2.      Penafsiran itu diperkuat dalil syara’ lain. Persyaratan ini dirumuskan dari metode tafsir esoterik yang dilakukan Al-Thabathabai ketika menafsirkan ayat antropomorfisme yang diperkuat dengan ayat lainnya.
3.      Makna esoterik tidak bertentangan dengan makna esoteriknya, syarat ini dirumuskan dari pandangan Al-Thabathabai tentang keserasian antara kedua dimensi makna itu, terutama kritiknya terhadap pendapat yang mengartikan takwil sebagai kontradiksi dengan makna eksoterik.
4.      Tidak mengacukan pemahaman orang awam. Syarat ini dirumuskan dari pandangan Al-Thabathabai tentang perlunya menyampaikan penjelasan tentang pesan al-Quran kepada orang awam sesuai dengan tingkat pemahamannya.
Adapun syarat-syarat yang dikemukakan oleh Adz-Dzahabi, sebagai berikut:[17]
1.      Tidak menafikan makna eksoterik (pengertian tekstual) ayat al-Qur’an.
2.      Penafsiran itu diperkuat dalil syara’ lain.
3.      Penafsiran itu tidak bertentangan dengan dalil syara’ lain atau rasio.
4.      Penafsiran itu tidak mengakui bahwa hanya penafsiran batiniahlah yang dikehendaki Allah, bukan pengertian tekstualnya. Sebagaimana ia harus mengakui pengertian tekstual ayat. Alasannya, tidak mungkin seseorang sampai kepada makna esoterik, sebelum melewati makna eksoteriknya. Siapa mengakui bahwa ia mengetahui rahasia-rahasia al-Quran tanpa melalui tafsir lahiriyah, maka sama saja seperti orang yang mengaku sudah sampai di tengah rumah tanpa mendekati pintu terlebih dahulu.

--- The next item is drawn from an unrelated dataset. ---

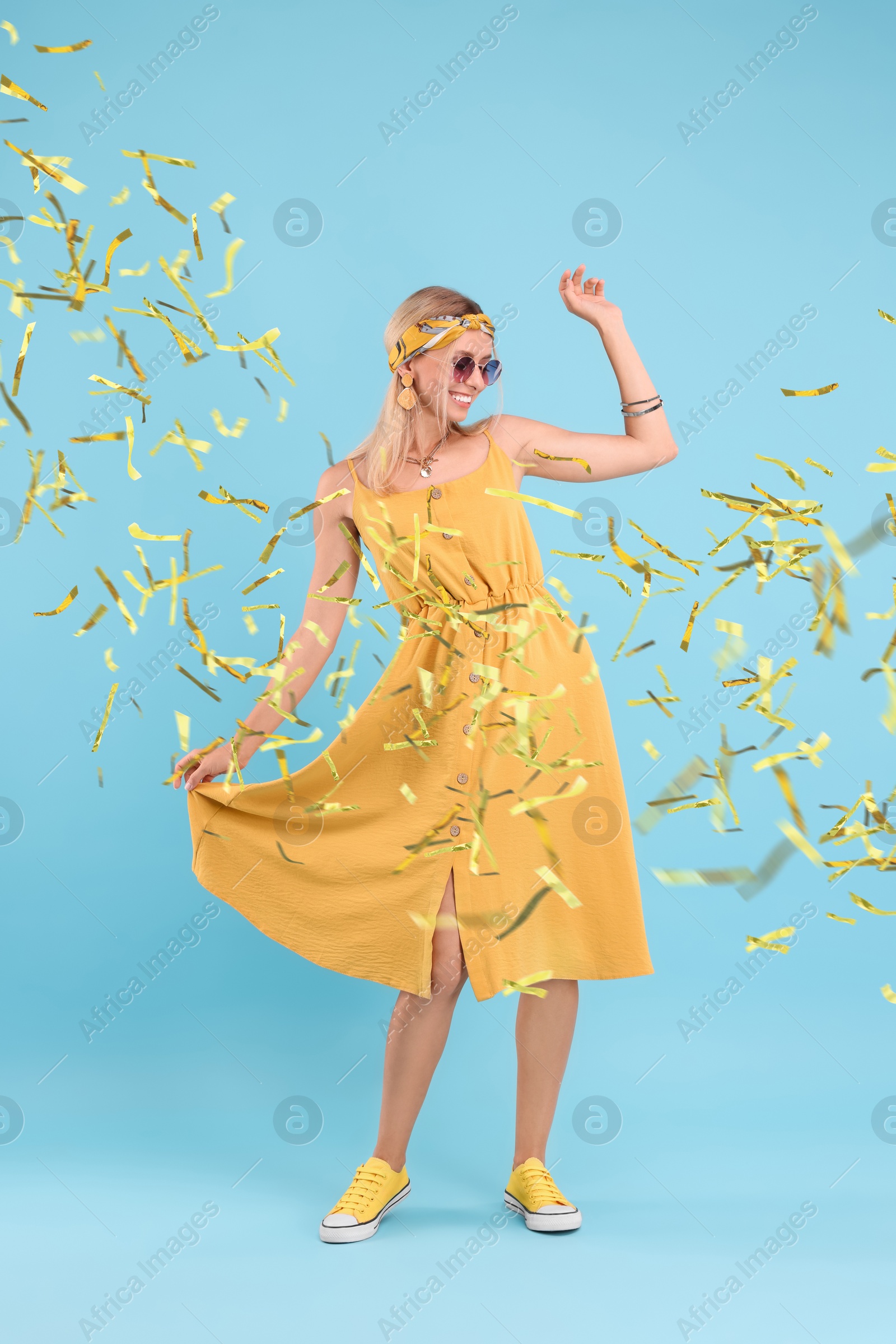 Image of Happy woman dancing under falling confetti on light blue background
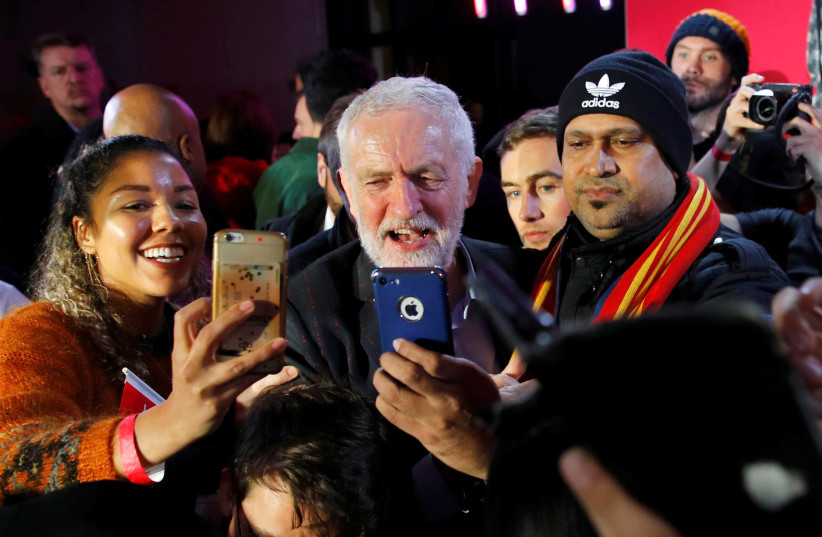 Britain's opposition Labour Party leader Jeremy Corbyn poses for photos with supporters during a general election campaign rally in Birmingham, Britain December 5, 2019 (photo credit: PHIL NOBLE/REUTERS)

Kemudian Ali Ash-Shabuni menambah tiga persyaratan lagi, yaitu:[18]
1.      Makna esoterik tidak bertentangan dengan makna eksoteriknya.
2.      Penakwilannya tidak melampaui konteks kata.
3.      Tidak mengacaukan pemahaman orang awam
D.    Contoh Tafsir Al-Bathiniyah
Ketika menafsirkan surah yûnus ayat 15 yaitu:
قَالَ الَّذِينَ لا يَرْجُونَ لِقَاءَنَا ائْتِ بِقُرْآنٍ غَيْرِ هَذَا أَوْ بَدِّلْهُ
orang-orang yang tidak mengharapkan pertemuan dengan Kami berkata: "Datangkanlah Al-Qur'an yang lain dari ini[19] atau gantilah dia[20]"…
Ayat tersebut ditafsirkan bahwa kata أَوْ بَدِّلْهُ maksudnya adalah gantilah dengan ‘Alî, padahal sudah jelas tidak ada hubungannya dengan ‘Alî.[21]
            Kemudian surah al-hijr ayat 99 yaitu:
وَاعْبُدْ رَبَّكَ حَتَّىٰ يَأْتِيَكَ الْيَقِينُ
Dan sembahlah Tuhanmu sampai datang kepadamu yang diyakini (ajal).
Yang dimaksud al-yaqin adalah ma’rifat takwil. Padahal, makna al-yaqin di sini adalah maut. Di lain tempat, kaum Bathiniyah menghalalkan perkawinan dengan saudara-saudara perempuan dan semua muhrim lainnya. Alasan mereka, saudara laki-laki lebih berhak atas saudara perempuan mereka.  Menurut Abu Bakar Aceh, seperti dikutip Rosihon Anwar, penafsiran mereka merupakan cerminan dari keyakinan yang mirip Plato.[22]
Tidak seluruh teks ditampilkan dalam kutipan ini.